米国のトランプ政権は17日、中国政府系組織が米国の先端AIモデルを「意図的かつ産業規模の大規模キャンペーン」で複製・窃取していると非難した。
ホワイトハウス科学技術政策局のマイケル・クラツィオス局長は同日、連邦政府機関幹部宛てのメモで、主に中国国内の組織が代理アカウントを使用して検知を回避し、AIモデルの「脱獄」を試みていると指摘。これにより、米国のAIモデルから機密情報を抽出し、独自の能力を複製していると述べた。
「蒸留攻撃」の手法とは
クラツィオス局長によると、攻撃者はAPI経由で米国の独占的AIモデル(例:Claude、Gemini)に数百万回の問い合わせを行い、その挙動を再現するデータセットを構築する「蒸留攻撃」を実施。これにより、米国のAI能力に匹敵するモデルを低コストでリリース可能としている。
さらに、この手法はAIモデルの出力を「イデオロギー中立で事実追求的」に保つためのガードレールを無効化する危険性も指摘した。
北京訪問への影響
この非難は、トランプ大統領が来月北京を訪問し、経済的譲歩や米中関係の再構築を目指す中で発表された。米中のAI競争は対立色を強め、両国関係の緊張を高める要因となる可能性がある。
業界の反応
OpenAIとAnthropicは今年初め、中国企業(DeepSeek、Moonshot AI、MiniMaxなど)が自社モデルに対する大規模な蒸留攻撃を実施していたと発表していた。
背景と長期的リスク
米国は長年、中国によるサイバー諜報活動の一環として、米企業の知的財産窃取を非難してきた。2024年には、元GoogleエンジニアがAIの機密情報を中国企業2社に提供したとして起訴されている。
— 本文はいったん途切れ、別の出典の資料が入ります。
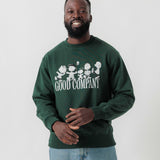 Vorderansicht eines männlichen Models im grünen Box Sweater mit Peanuts Good Company-Print.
クラツィオス局長は、蒸留モデルの能力は長期的には信頼性に欠けると主張。「検知・軽減技術の向上に伴い、こうした脆弱な基盤でAI能力を構築した外国勢は、モデルの完全性と信頼性に自信を持てなくなる」と述べた。
今後の対策
トランプ政権は今後、米国のAI企業に対し、これらのキャンペーンに関する情報(使用された手法など)を共有し、民間セクターの防御体制強化を支援する方針だ。